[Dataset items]
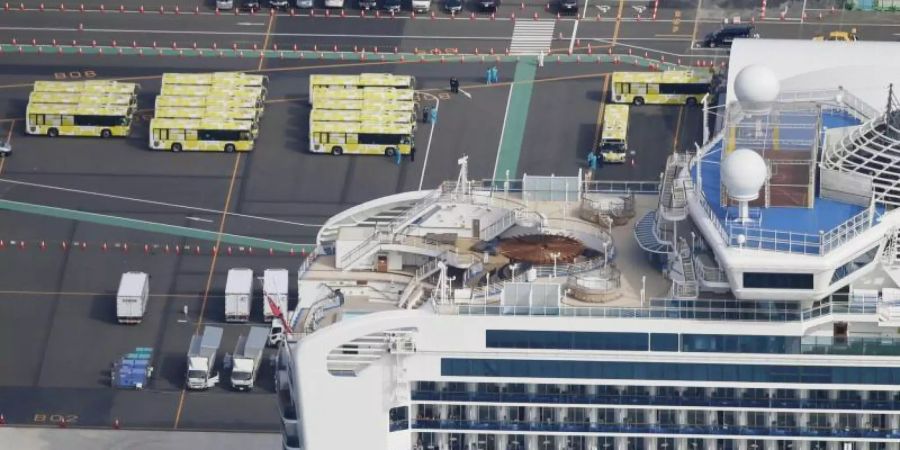 Busse werden in der Nähe des Kreuzfahrtschiffs «Diamond Princess» geparkt. Die ersten Passagiere dürfen von Bord gehen. Foto: Yuta Omori/Kyodo News/dpa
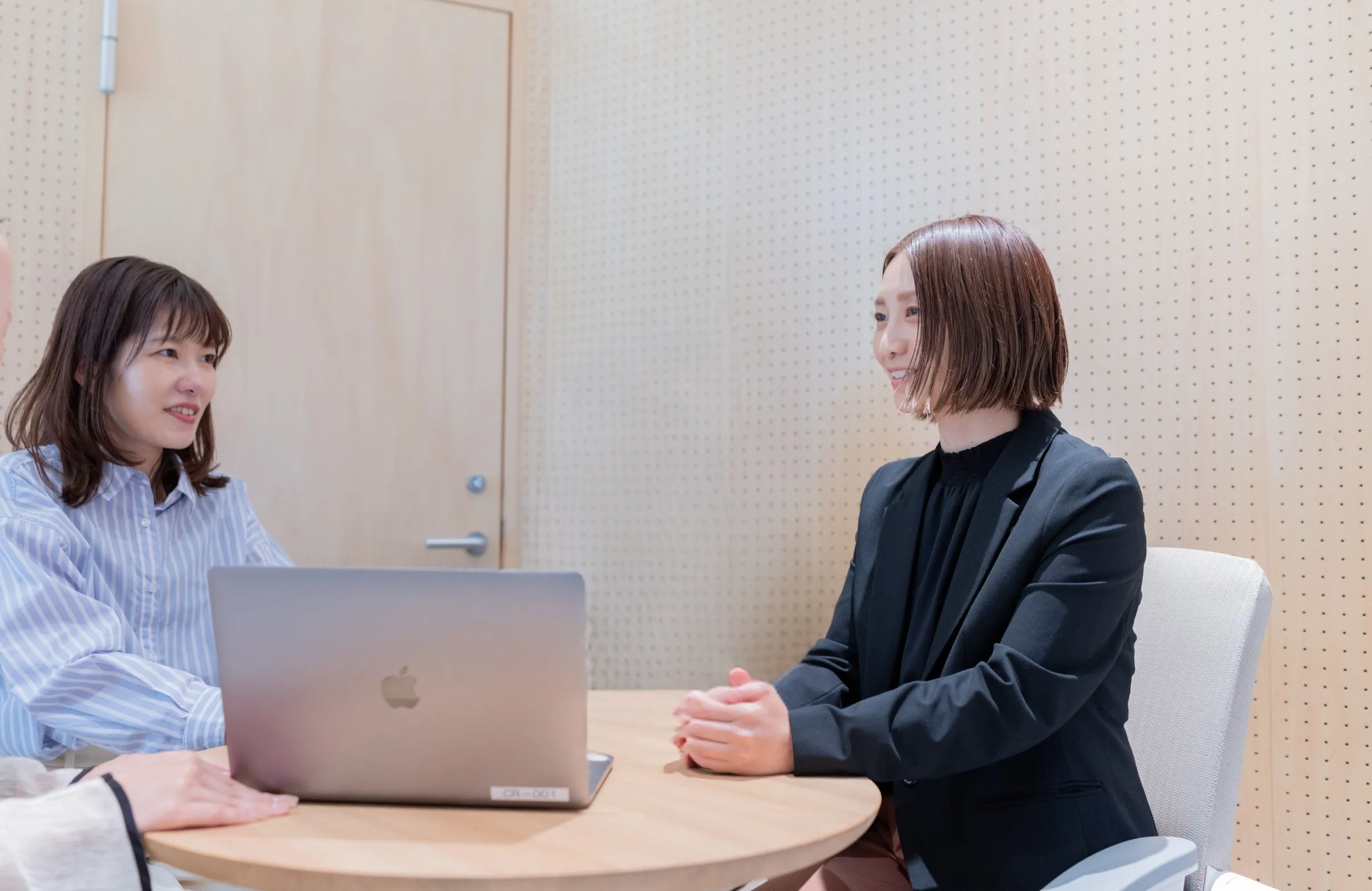 パソコンを囲んで話をする女性三人の写真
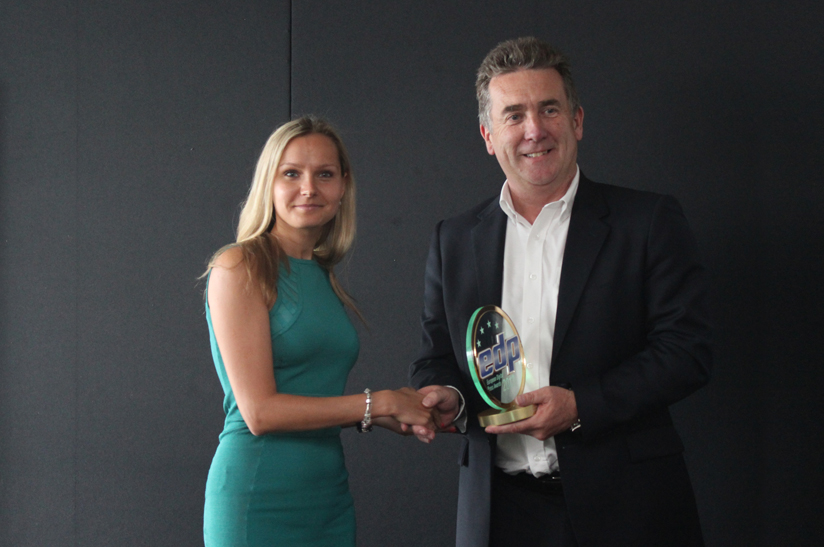 Jerry Davies CEO of Roland DG (UK) receives the award on behalf of Roland DG group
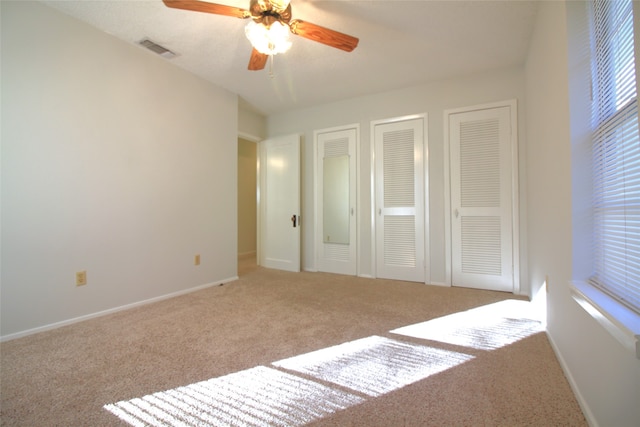 unfurnished bedroom featuring light colored carpet, ceiling fan, and two closets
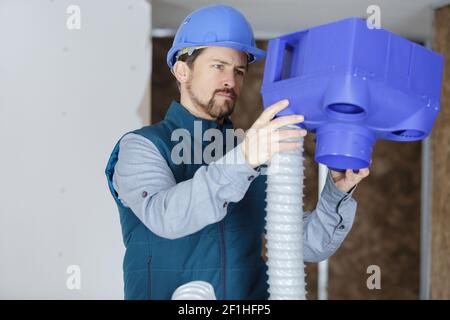 a plumber checking ceiling pipes Stock Photo
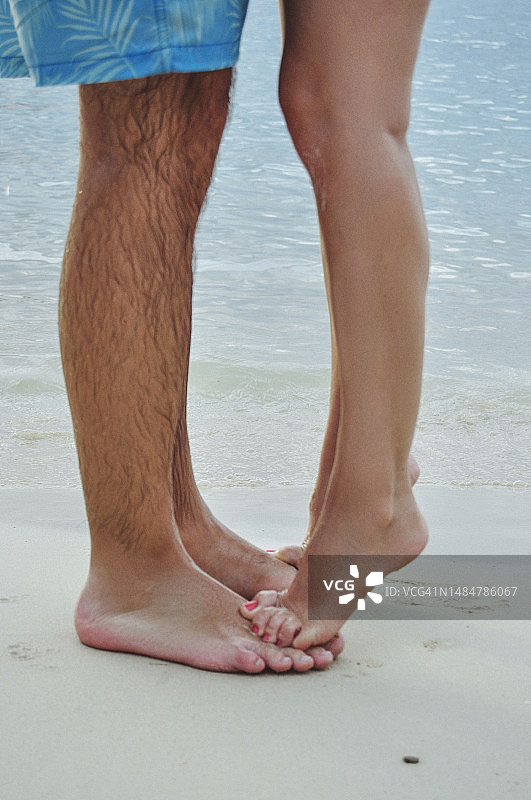牙买加海滩上赤脚女子站在男子脚上的特写图片素材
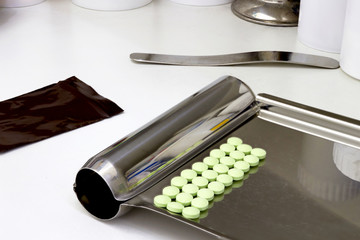 Drug pills on counting tray with spatula and dark plastic zipper bag on counter pharmacy shop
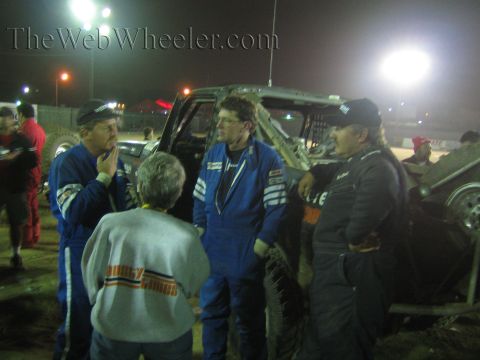Group in blue racing suits talk beside a race truck under night lights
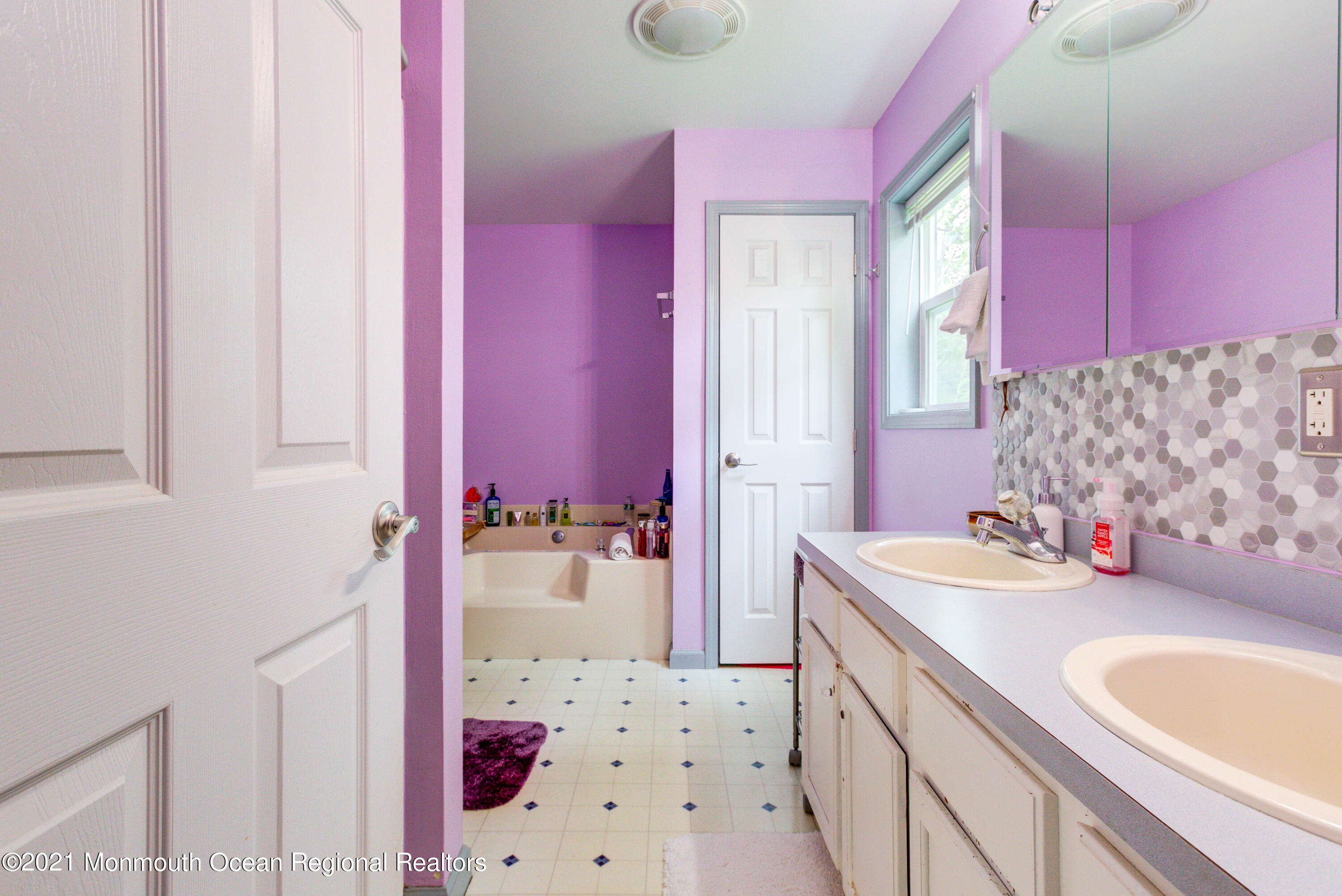 544 Brickyard Road Freehold, NJ 07728 - Photo 16 of 24 a bathroom with a sink vanity tub and shower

About this exercise: With the pictures removed, return each record above exactly as given.

The answer:
 Busse werden in der Nähe des Kreuzfahrtschiffs «Diamond Princess» geparkt. Die ersten Passagiere dürfen von Bord gehen. Foto: Yuta Omori/Kyodo News/dpa
 パソコンを囲んで話をする女性三人の写真
 Jerry Davies CEO of Roland DG (UK) receives the award on behalf of Roland DG group
 unfurnished bedroom featuring light colored carpet, ceiling fan, and two closets
 a plumber checking ceiling pipes Stock Photo
牙买加海滩上赤脚女子站在男子脚上的特写图片素材
 Drug pills on counting tray with spatula and dark plastic zipper bag on counter pharmacy shop
Group in blue racing suits talk beside a race truck under night lights
 544 Brickyard Road Freehold, NJ 07728 - Photo 16 of 24 a bathroom with a sink vanity tub and shower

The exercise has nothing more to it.